Pusat Meteorologi Khusus Regional Miami milik WMO dioperasikan oleh Pusat Badai Nasional AS dan bertanggung jawab untuk mengeluarkan prakiraan reguler untuk memandu masing-masing NMHS (National Hurricane Health Service) dalam pengambilan keputusan terkait persiapan badai, seperti menutup bandara dan memerintahkan evakuasi massal – seperti yang terjadi pada Melissa.
Michael Brennan, Ketua Komite Badai, Direktur Pusat Badai Nasional NOAA, dan Direktur Pusat Meteorologi Khusus Regional Miami, mengatakam, setiap prakiraan dan peringatan adalah penyelamat bagi orang-orang nyata, dan pengingat konstan bahwa pekerjaan kita bukan hanya tentang sains, tetapi tentang menyelamatkan nyawa.
Hubungan yang kuat antara RSMC Miami dan anggota yang terdampak selama Melissa menunjukkan kemitraan yang dibangun di dalam Komite, dan ”komitmen bersama kita untuk mengurangi dampak manusia dan ekonomi dari badai seperti Melissa di seluruh wilayah,” kata Michael.
Meskipun menarik perhatian publik paling besar, konvensi penamaan WMO hanyalah sebagian kecil dari pekerjaan penyelamatan jiwa yang dilakukan oleh Komite Badai.
Daftar nama tersebut membantu dalam komunikasi peringatan badai dan untuk mengingatkan orang-orang tentang potensi risiko yang mengancam jiwa.
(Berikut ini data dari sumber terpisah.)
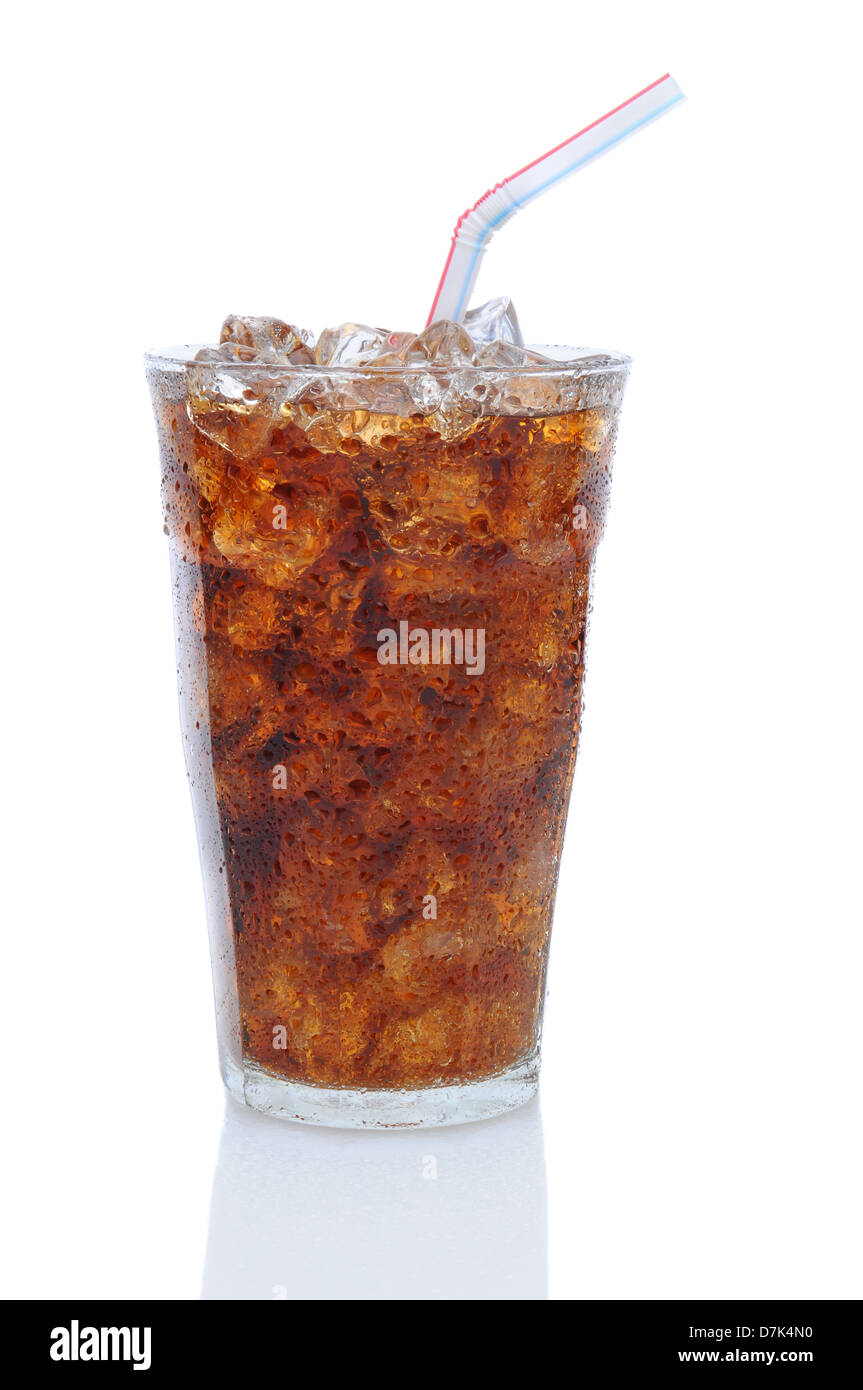 Glass filled with ice cubes and Cola soda over a white background. Glass is covered with condensation . Stock Photo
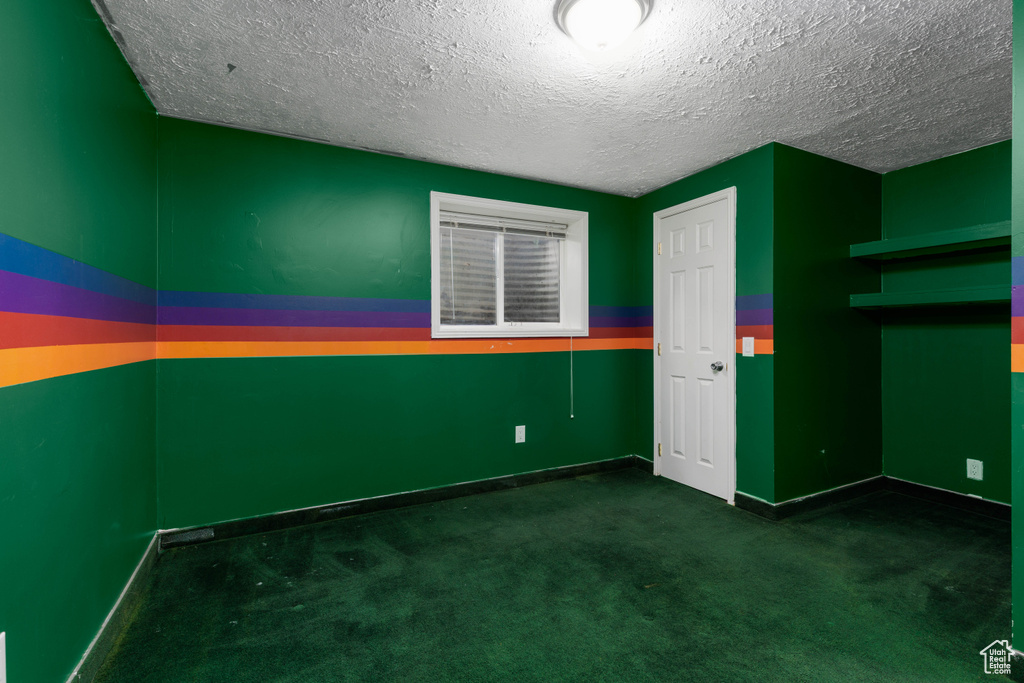 Unfurnished room with baseboards, carpet flooring, and a textured ceiling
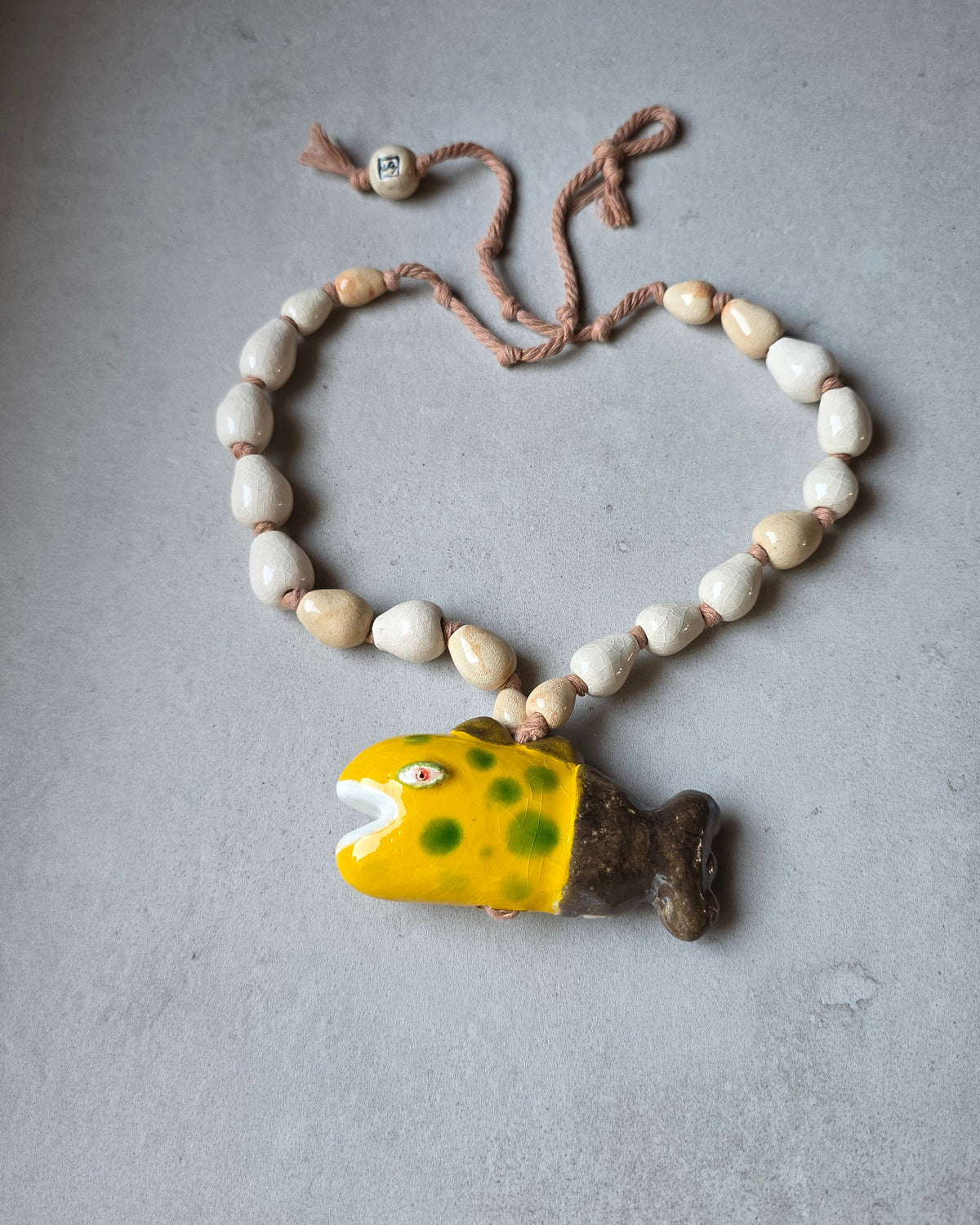 Collana Pesce Raro – disposta a cuore su fondo grigio, con il pesce giallo in basso e le perle a goccia craquelé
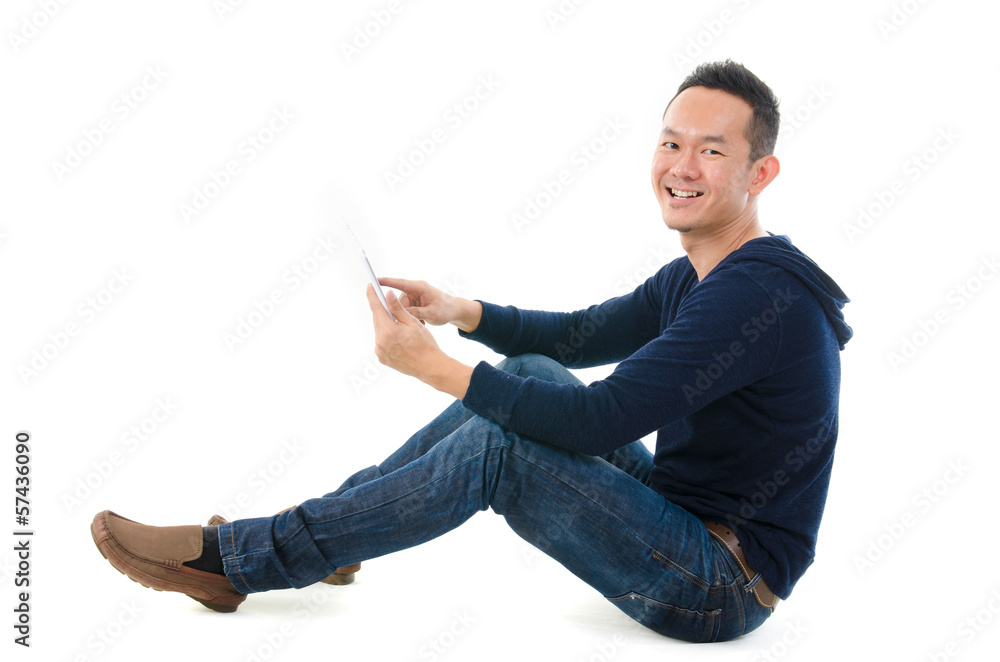 Young Asian student using pad PC isolated on white background. Young Asian student using pad PC isolated on white background.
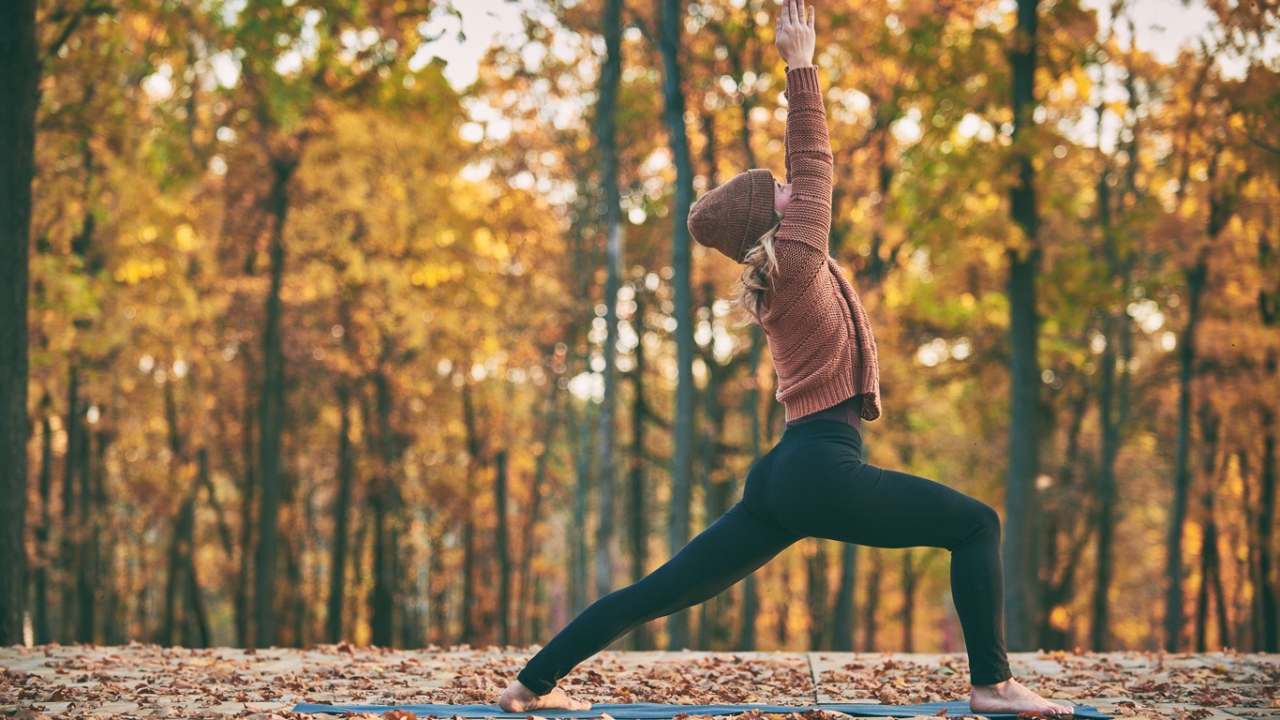 Frau macht in Herbstlandschaft Krieger 1 Yoga-Übung gegen Bluthochdruck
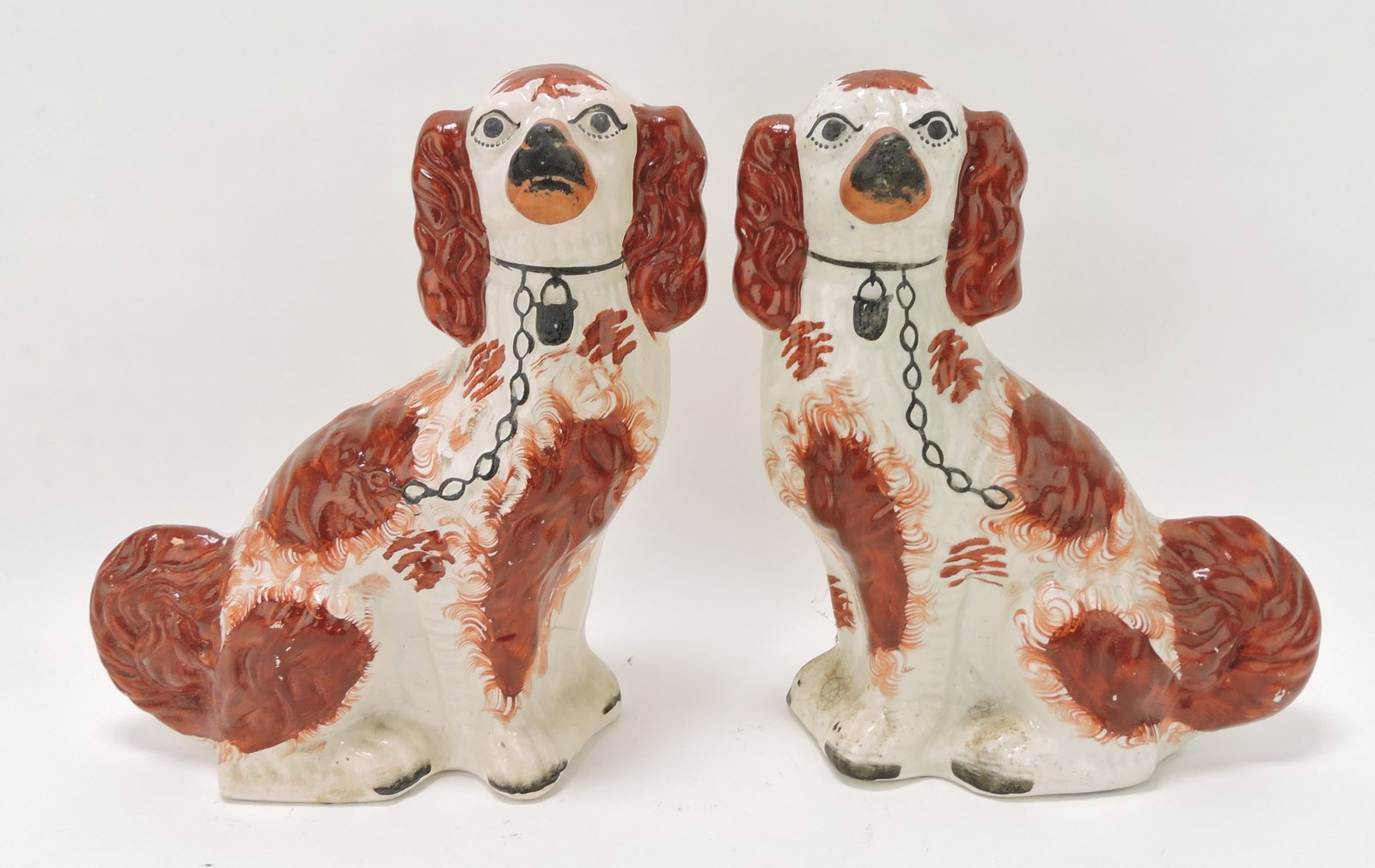 Staffordshire pair of russet spaniels,: 12"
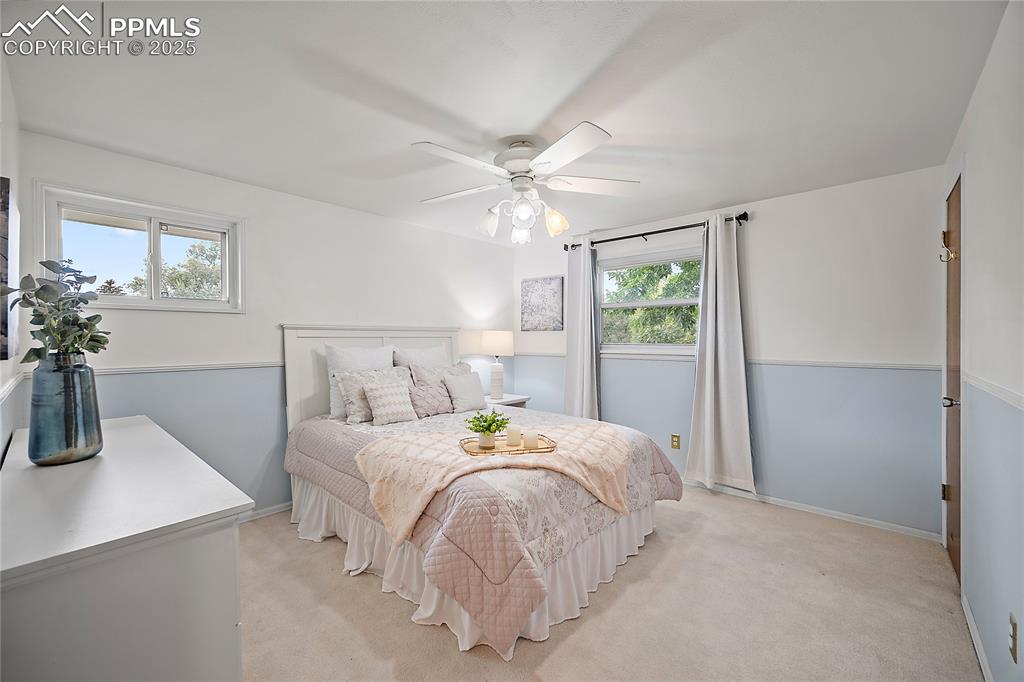 Image 15 of 41: Upstairs primary bedroom with walk-in closet.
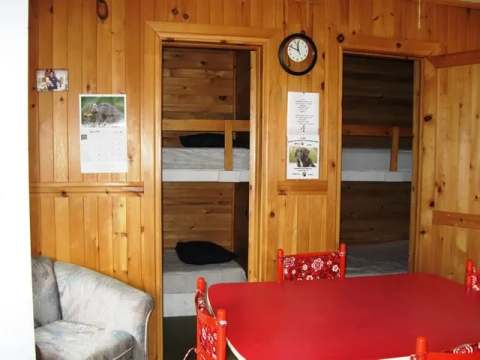 Interior view of the cabin showing bunk beds and a dining table.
Nama-nama tersebut bergantian antara nama laki-laki dan perempuan, dan dimaksudkan agar mudah diucapkan dalam setiap bahasa di wilayah tersebut.
Nama-nama tersebut diulang setiap enam tahun, kecuali jika badai tersebut sangat mematikan atau merusak sehingga namanya dihentikan penggunaannya.
”Saya sangat bersyukur bahwa ada persetujuan bulat atas permintaan saya untuk menghentikan penggunaan nama Melissa. Jamaika tidak akan senang jika terus-menerus menceritakan trauma yang menimpa kami pada tahun 2025,” kata Thompson.
Nama Molly, yang dipilih oleh anggota Komite Badai, akan digunakan pada tahun 2031.